1. Relationships. The show ran for 10 years. Although Monica and Chandler get married, Phoebe and Mike get married, Ross gets married several times (...and divorced several times...), and Rachel gets married only to end up in an annulment (face it, this just does not count), much of the show depicts their single lives, and they aren't getting married young. Everyone in my family has gotten married young, and everyone I'm surrounded by here at my ring-by-spring university is getting married young. I would never insult that or frown upon that. That is a personal decision and no one else's business. But for me personally, watching the early seasons of the show, I was realizing: I don't want to get married right when I get out of this stage in my life. I don't even know if I want to get married at all! Watching the characters with the mindset of "they're about my age" put it in perspective: when you get married, that single life, apartment with roommates, run around the city and do whatever you want stage of life is OVER. Over forever. Some people skip over it entirely! (Which, I repeat, is fine). For me, I'm not ready for that. I don't want that. I want that stage. I want to be single and do whatever I want.

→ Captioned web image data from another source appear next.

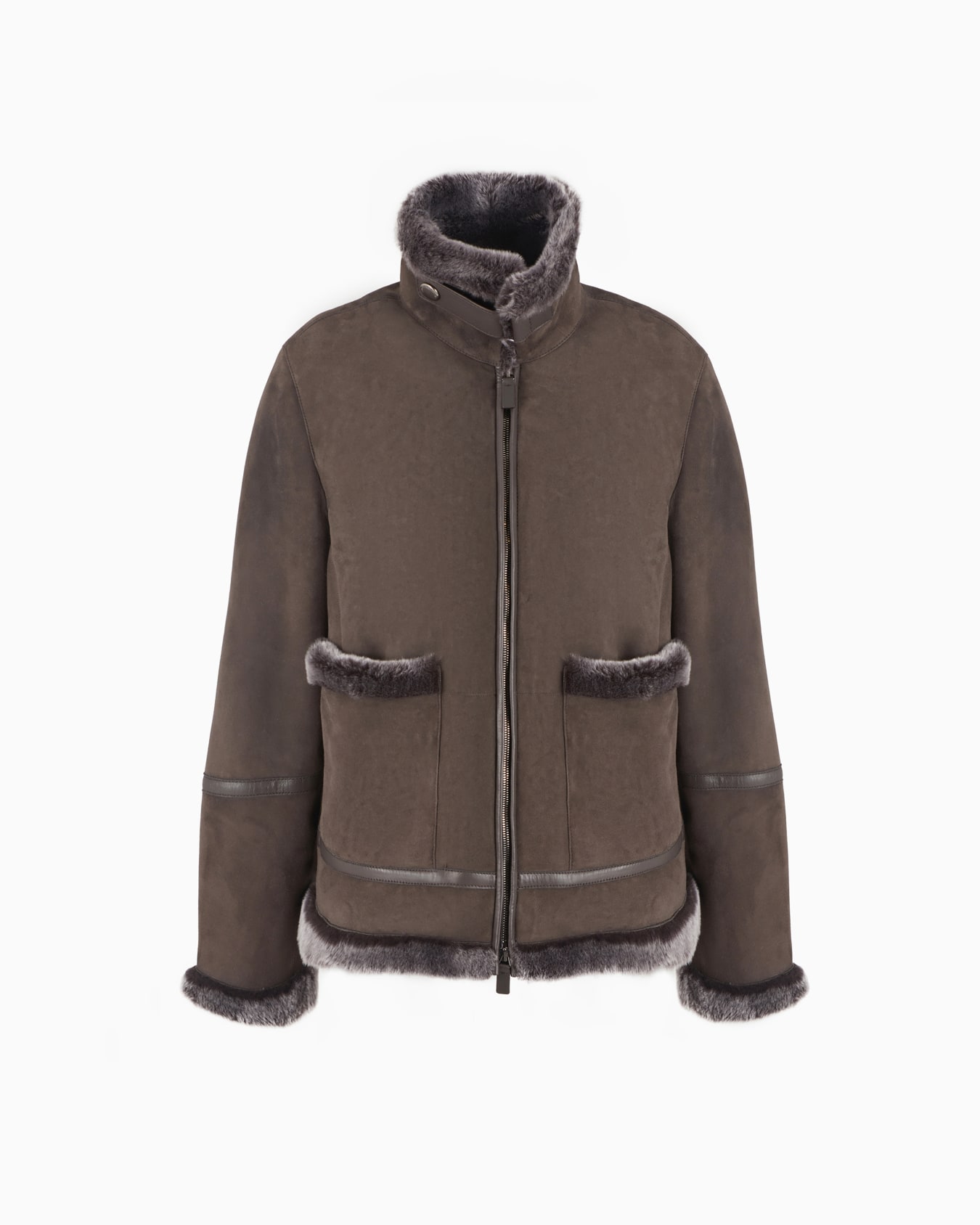 Icon relaxed-fit Spanish Merino lambskin suede shearling coat Slide 0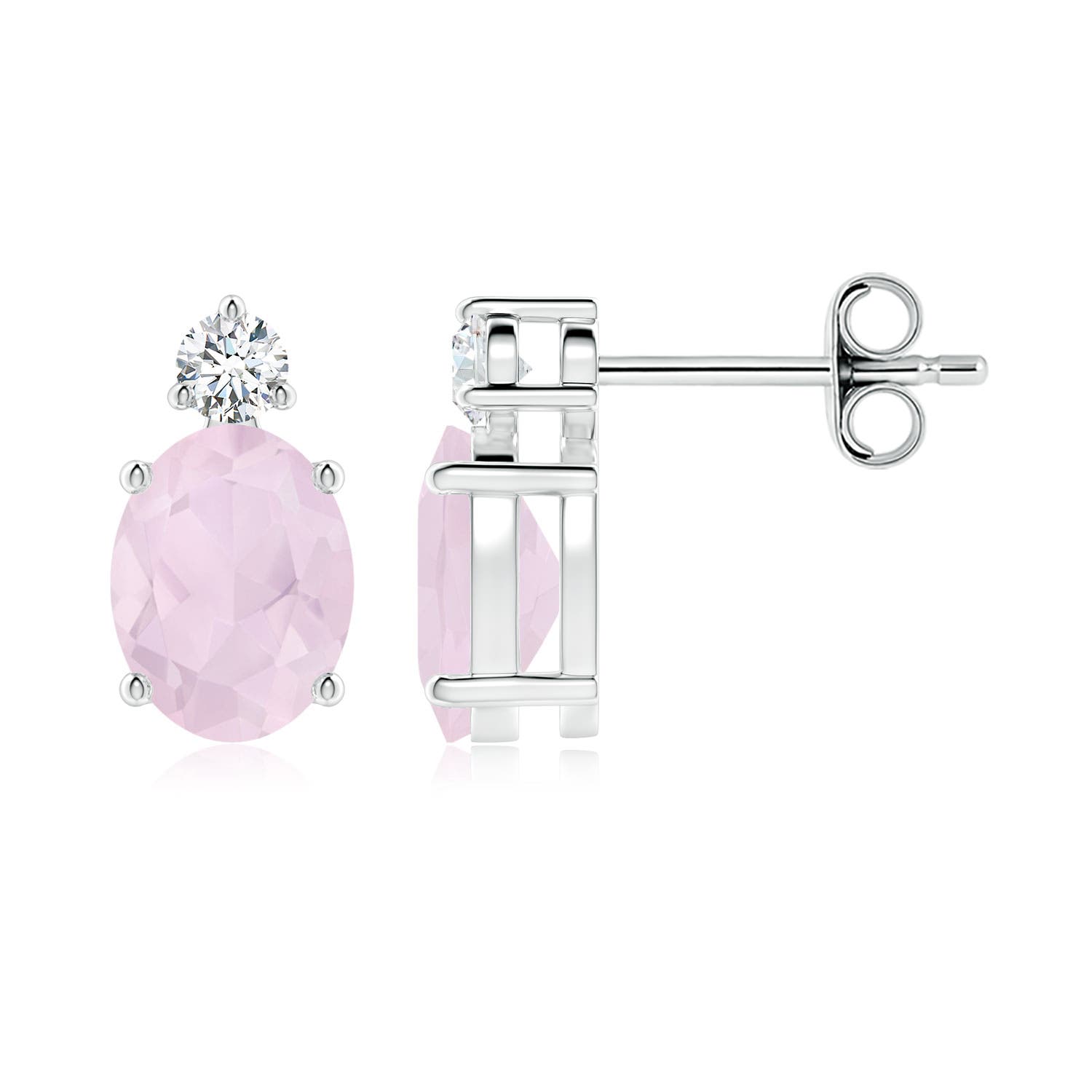 A - Rose Quartz / 2.17 CT / 14 KT White Gold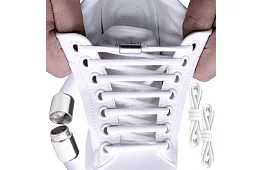 Elastyczne sznurówki do butów - bez wiązania - białe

2. Jobs. Nobody really knows what Chandler does. Ross, well, even though his job/degree is prestigious, it's off-the-wall, but it's what he loves. Monica does what she loves. Joey does what he loves. Phoebe is just running around living the life. And Rachel works to reinvent herself by going from waitressing to her fashion career. One thing that they mostly have in common is that they love their jobs. Someone once told me, "real people hate their jobs." If this is true, then I just don't want to be a "real person." I want to make enough money to independently support myself, but I want to do this by having a job that I enjoy. I am so looking forward to being a young professional. I love to work.
Those who know me also know that I love to travel (check out my new travel blog here). I was a smart kid growing up in school. I learned how to read when I was two years old. I made pretty good grades. There was always so much pressure on me to go to school, make good grades, get a degree, get more degrees, and just do something amazing with them to roll in the big bucks. I plan on this -- I really do. But I want more out of life.

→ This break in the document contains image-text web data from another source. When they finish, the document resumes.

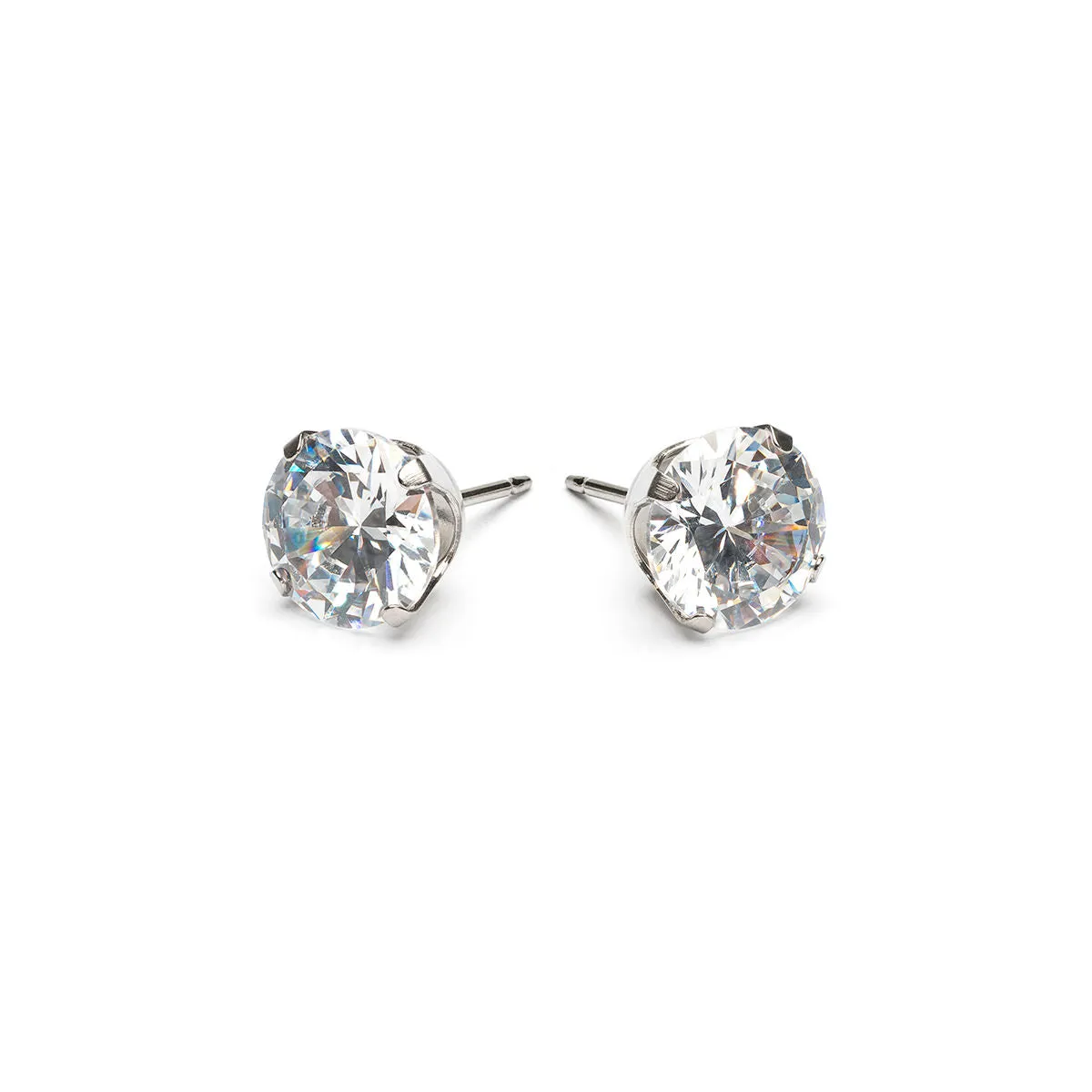 Round Crystal 8mm Stud Earrings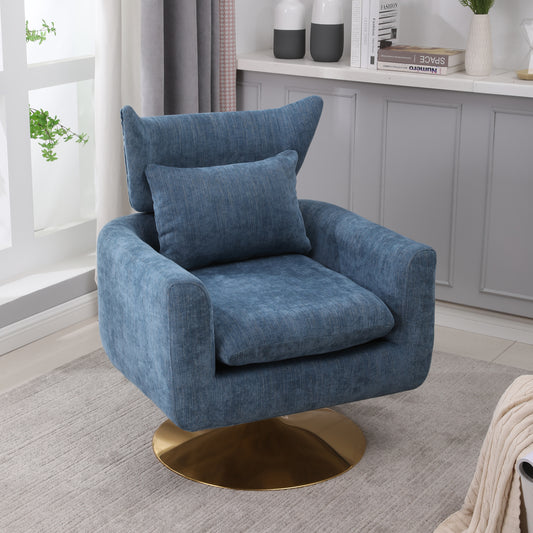 Brenda Mid-Century Modern Linen Swivel Chair with Gold Base - Blue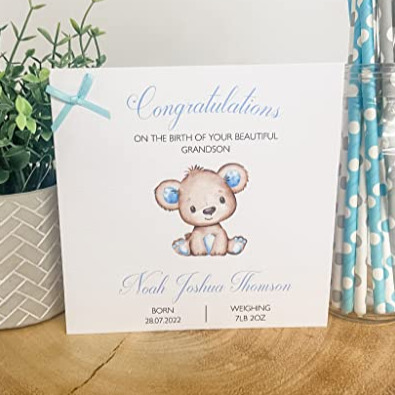 Personalised Congratulations New Baby Card For Boy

I want to travel. I want to take a gap year and see as much of the world as my savings account can afford. I want to live my bucket list instead of write it. I am almost finished with my degree, and I know it won't be the only degree I obtain in my life. I will eventually get a Masters degree. I will come back from traveling and make sure that I have enough money to get on my feet, land that job that I've always wanted that everyone has always wanted for me, and do the things I've planned on doing that I still want. But there are plenty of things I planned on doing that I don't want.

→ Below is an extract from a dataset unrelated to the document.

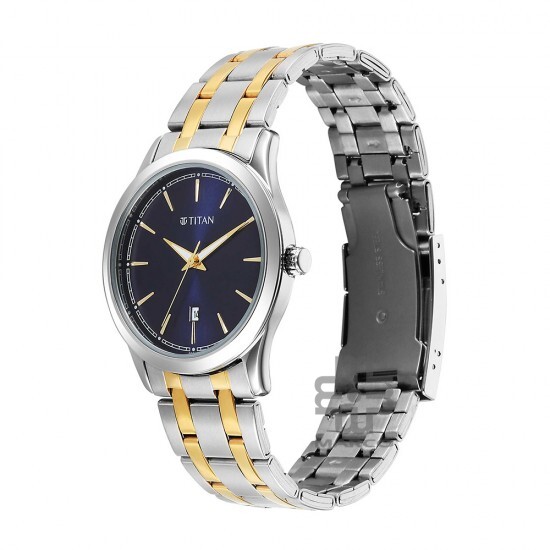Titan Quartz 1823BM02 Blue Dial Stainless Steel Strap Quartz Men's Watch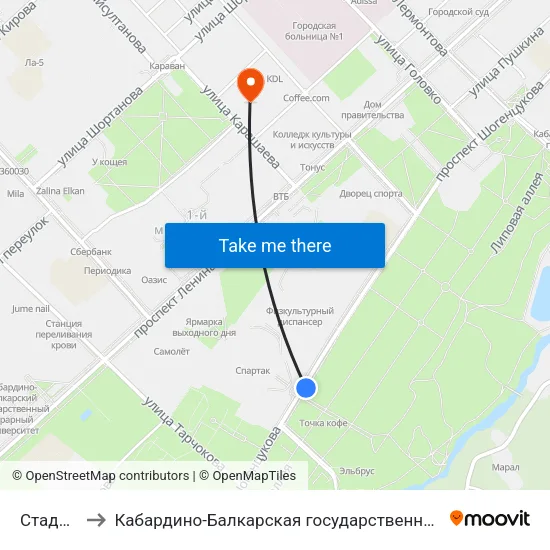 Стадион Спартак to Кабардино-Балкарская государственная сельскохозяйственная академия имени В.М. Кокова. map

I don't want to get married young. I'm panicking because I suddenly don't know if I want to get married at all. I always thought, all my life, I would get married young, have a ton of babies right away, and just live this sweet little life with my sweet little family. To be honest, nothing sounds more terrifying to me right now than being entirely responsible for anyone other than myself, having someone nag on me all the time, needing to tell someone where I am and what I'm doing all the time, and giving up my independent lifestyle. That sounds terrible to me at this time in my life. I watch my friends who are in serious relationships, and while I am so happy for them, I wonder why they aren't afraid of all they're going to miss out on in life, and why it's my biggest fear. I hope to God I don't meet anyone worth marrying for the next 10 years. And I NEVER thought I would say that. EVER, in my wildest dreams. That is the opposite of what I have always wanted. Is something wrong with me?? Why is there so much pressure to get married?? What if I don't want that?? Essentially, I just really wouldn't mind being the Joey. I mean READ this. AHHHHHHHH!!!! A date night here and there and some flowers on my birthday isn't worth that list to me. I bought myself a steak this week and buy myself flowers regularly. Why would I want someone calling me, touching me, and bothering me??? Sounds miserable.
I have so much more soul-searching to do. Studying abroad with Global LEAD was just another factor that helped me to realize that I am capable of so much more than a conventional life. My degrees and my job opportunities and the search for a man will always be there for me. But right now, I would rather travel the world, read more books, make money doing things I enjoy, supporting myself and living on my own, enjoying my AGE and what this stage in my life has to offer me, all while learning more about myself, cultures, and perspectives.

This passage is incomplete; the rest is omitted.